La visita prosegue e siamo nella sala dei chirotteri, volgarmente conosciuti come pipistrelli. Gli unici mammiferi capaci di volare. Ce ne sono di tutti i tipi, non lasciatevi intimidire e avvicinatevi alle bacheche anche se i pipistrelli non fanno parte dei vostri animali preferiti, perché vederli così da vicino non capita certo tutti i giorni. Così come non capita tutti giorni nemmeno di poter osservare la bellezza e l'eleganza di ghepardi, leoni, giaguari, pantere, tigri, leopardi e linci nella sala dei carnivori.

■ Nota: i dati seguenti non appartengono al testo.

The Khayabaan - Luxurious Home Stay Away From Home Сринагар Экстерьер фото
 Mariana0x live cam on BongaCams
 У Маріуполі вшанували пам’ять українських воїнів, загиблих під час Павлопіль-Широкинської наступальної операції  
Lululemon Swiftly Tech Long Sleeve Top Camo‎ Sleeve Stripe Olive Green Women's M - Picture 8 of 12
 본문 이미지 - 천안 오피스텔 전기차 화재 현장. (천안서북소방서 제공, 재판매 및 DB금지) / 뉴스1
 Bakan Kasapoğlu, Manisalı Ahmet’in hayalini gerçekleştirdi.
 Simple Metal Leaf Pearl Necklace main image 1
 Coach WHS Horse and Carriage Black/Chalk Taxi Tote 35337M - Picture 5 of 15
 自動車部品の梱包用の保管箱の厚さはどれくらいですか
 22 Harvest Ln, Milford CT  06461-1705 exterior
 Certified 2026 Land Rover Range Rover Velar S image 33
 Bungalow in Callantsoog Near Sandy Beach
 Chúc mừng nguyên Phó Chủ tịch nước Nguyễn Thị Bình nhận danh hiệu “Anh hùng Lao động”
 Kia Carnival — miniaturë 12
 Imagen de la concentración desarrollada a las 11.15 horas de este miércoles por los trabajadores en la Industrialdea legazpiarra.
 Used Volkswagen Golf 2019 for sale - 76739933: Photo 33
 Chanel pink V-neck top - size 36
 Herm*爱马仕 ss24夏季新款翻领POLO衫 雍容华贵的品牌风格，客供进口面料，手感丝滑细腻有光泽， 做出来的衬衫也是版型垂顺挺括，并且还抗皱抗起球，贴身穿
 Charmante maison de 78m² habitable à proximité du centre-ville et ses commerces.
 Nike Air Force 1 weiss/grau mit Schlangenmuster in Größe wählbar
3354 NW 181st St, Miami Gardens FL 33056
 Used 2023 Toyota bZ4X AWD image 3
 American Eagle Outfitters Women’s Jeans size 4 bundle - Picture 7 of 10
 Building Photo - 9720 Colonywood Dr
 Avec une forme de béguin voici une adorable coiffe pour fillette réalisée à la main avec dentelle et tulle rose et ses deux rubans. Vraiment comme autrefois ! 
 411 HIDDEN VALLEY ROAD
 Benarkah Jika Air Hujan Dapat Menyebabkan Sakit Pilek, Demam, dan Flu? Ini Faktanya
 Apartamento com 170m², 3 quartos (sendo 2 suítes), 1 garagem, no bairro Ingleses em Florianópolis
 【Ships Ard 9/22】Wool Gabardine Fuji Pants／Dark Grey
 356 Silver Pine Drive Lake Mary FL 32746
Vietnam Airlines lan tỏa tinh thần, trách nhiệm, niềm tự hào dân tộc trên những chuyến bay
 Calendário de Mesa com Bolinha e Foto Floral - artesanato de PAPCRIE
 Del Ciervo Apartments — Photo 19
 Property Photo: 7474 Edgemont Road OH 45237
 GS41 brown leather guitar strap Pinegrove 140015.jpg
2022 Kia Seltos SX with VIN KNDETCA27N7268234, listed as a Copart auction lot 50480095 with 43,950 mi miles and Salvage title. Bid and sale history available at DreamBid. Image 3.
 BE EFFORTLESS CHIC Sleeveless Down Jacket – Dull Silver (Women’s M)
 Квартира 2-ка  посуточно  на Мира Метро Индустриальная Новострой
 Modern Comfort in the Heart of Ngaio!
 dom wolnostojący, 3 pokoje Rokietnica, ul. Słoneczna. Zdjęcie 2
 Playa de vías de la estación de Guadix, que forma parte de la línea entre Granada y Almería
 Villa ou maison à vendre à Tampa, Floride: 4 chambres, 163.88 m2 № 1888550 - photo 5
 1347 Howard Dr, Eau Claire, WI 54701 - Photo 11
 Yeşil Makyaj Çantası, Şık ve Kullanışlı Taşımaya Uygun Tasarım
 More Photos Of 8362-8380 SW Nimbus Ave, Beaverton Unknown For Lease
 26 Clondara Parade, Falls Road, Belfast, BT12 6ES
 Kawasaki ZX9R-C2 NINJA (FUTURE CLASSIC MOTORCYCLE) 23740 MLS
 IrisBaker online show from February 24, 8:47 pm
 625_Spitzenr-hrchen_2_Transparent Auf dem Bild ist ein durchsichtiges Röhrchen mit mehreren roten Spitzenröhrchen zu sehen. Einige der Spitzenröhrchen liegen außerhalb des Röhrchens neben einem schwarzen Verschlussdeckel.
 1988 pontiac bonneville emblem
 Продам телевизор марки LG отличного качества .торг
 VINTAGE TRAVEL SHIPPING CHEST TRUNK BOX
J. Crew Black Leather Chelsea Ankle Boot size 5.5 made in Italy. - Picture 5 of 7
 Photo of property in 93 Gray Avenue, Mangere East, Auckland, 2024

Andiamo avanti e la stanza successiva del nostro viaggio alla scoperta delle specie animali, è quella dei roditori, logomorfi, iracoidei, proboscidati, sirenidi in termini tecnici. In termini comuni, vuol dire che nelle bachece potete ammirare un elefante marino, foche, castori, scoiattoli, lepri e istrici. Passiamo in mezzo a vetrine con esemplari di cetacei, capodogli, delfini. Superiamo anche quella degli ungulati con cinghiali, gazzelle e caprioli perché appena superata questa sala, c'è una sorpresa che attende i visitatori. Alziamo lo sguardo e con stupore iniziamo a far scorre gli occhi velocemente lungo la colonna vertebrale di una balenottera comune arenata sulla spiaggia di Monterosso il 1° ottobre 1878. Sono 19 metri e mezzo di scheletro che si allungano lungo tutto il corridoio della stanza numero 7, perfettamente conservati.Spettacolare. Ma non finisce qui, perché la visita dopo la balenottora, comprende la sala della savana afriacana con rispettivi esemplari: giraffe, ippopotami, zebre. Quella degli ariodattili e marsupiali con rinoceronti e canguri. Poi si sale al primo piano, dove ci sono i mammiferi della Liguria, gli uccelli della Liguria, rettili, testuggini, la sala degli anfibi e quella degli insetti. Inciso: in questo tour per il quale ci vogliono almeno un paio d'ore, di visitatori non ne abbiamo incrociato uno. Peccato. Peccato come la cornice, intesa come gli ambienti del museo, che andrebbero sicuramente rinfrescati: rimbiancate le pareti, cambiate e lavate le tende, sistemati gli infissi delle finestre e eliminate quelle (brutte, bruttissime) poltrone in pelle rotte e rattoppate con il nastro da pacchi.

Allora sì che anche il contenitore sarebbe davvero all'altezza del contenuto.